For the first time, her eyes widened. "That's a death-gourd," she breathed. "I thought only the council of elders made those. No-one else even knows how they work."

"We do." Tempted as I was to brag to this woman who again seemed less self-assured, as in the cave, I didn't know enough about Gazelle to give away our secrets. "Just leave it at that."
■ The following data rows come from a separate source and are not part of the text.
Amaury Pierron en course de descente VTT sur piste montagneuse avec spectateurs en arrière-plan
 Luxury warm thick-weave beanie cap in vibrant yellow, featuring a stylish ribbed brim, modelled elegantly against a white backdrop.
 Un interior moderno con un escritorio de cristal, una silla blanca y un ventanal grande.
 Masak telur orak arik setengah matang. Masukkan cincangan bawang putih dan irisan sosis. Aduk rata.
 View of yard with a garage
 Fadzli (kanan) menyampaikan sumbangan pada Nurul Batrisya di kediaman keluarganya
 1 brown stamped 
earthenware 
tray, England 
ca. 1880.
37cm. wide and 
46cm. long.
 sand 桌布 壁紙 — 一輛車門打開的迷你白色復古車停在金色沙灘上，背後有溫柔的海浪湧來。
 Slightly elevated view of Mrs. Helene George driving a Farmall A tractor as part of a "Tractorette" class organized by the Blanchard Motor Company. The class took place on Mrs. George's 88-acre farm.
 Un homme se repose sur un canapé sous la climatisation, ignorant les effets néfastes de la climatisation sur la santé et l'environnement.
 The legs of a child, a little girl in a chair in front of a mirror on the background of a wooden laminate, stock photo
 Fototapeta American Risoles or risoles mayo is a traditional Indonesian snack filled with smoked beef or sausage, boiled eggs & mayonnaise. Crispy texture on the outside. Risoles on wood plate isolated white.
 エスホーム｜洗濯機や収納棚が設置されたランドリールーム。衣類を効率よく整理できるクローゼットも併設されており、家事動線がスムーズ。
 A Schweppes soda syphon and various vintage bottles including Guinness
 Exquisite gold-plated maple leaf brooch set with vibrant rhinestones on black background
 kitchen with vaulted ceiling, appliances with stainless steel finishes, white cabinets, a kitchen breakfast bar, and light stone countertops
She frowned, examining the dried gourd. "So how is it going to help? I've seen these things in use." She shuddered. "They kill a lot of people, but that's not what we want."

"We think it'll damage the stone, at least. At best, shatter it."

Baffled and wondering as she was, with wide eyes and on the edge of fear, Gazelle looked more like her namesake than before. I just hoped our assumptions would be justified. The gourd was filled with the crystals from the mountain quarry dedicated to their production for the megavillage government's stockpile. We'd liberated a large quantity from a convoy and been able to make our own death-gourds.

Any strong impact resulted in the crystals bursting out into fire and wind, and the hundreds of tiny flint shards mixed in with them could cause widespread injury. Our tests had shown that they could split a rock in half, but it was still a gamble that the same would happen to the central lithoid. A gamble worth taking, though.

"So..." Gazelle frowned, glancing from the stone to the gourd and back. "What are you going to do? Throw it?"

"It needs to be placed just right." I examined the great stone as I spoke, trying to identify the right place. "Then it depends whether my shooting's as good as it should be."

"Huh?"

"This..." I pointed to the pebble plugging a small hole in the gourd. "This has to be made to strike...what's inside. Best way to do that from a safe distance is with a shardcaster."

She raised an eyebrow which eloquently questioned whether I could really expect to hit the target, but all she said was, "So we need to wait till no-one's too near the stone or our route to it. Fair enough. And afterwards?"

"Well, disrupting the Engine should disorientate the stoneguards at least. Maybe put them out of action. And hopefully we can get out in the confusion."

"Hopefully?" She frowned. "Why don't I like the sound of that?"

A flash of anger stabbed me. "It's dangerous, obviously, but not suicidal. You want to go back?"

An impudent urchin's grin replaced the frown. "And miss the fun?"

It seemed the opportunity would never arrive, amid the comings and goings of the operators with their teams of beasts, and the stoneguards wandering the area. They'd be difficult to elude here, despite their lumbering gait. The way we were taught to give a stoneguard the slip was to keep it moving till it had to recharge its earth energy. Here, with the power crackling around the Engine, that would be a long time coming.

Then..."There!" Gazelle breathed, an instant before I could speak, and we were both up and over the bank, running for the central lithoid. Shouts came before we were halfway there, and I was aware of all the stoneguards in the place turning to converge on us.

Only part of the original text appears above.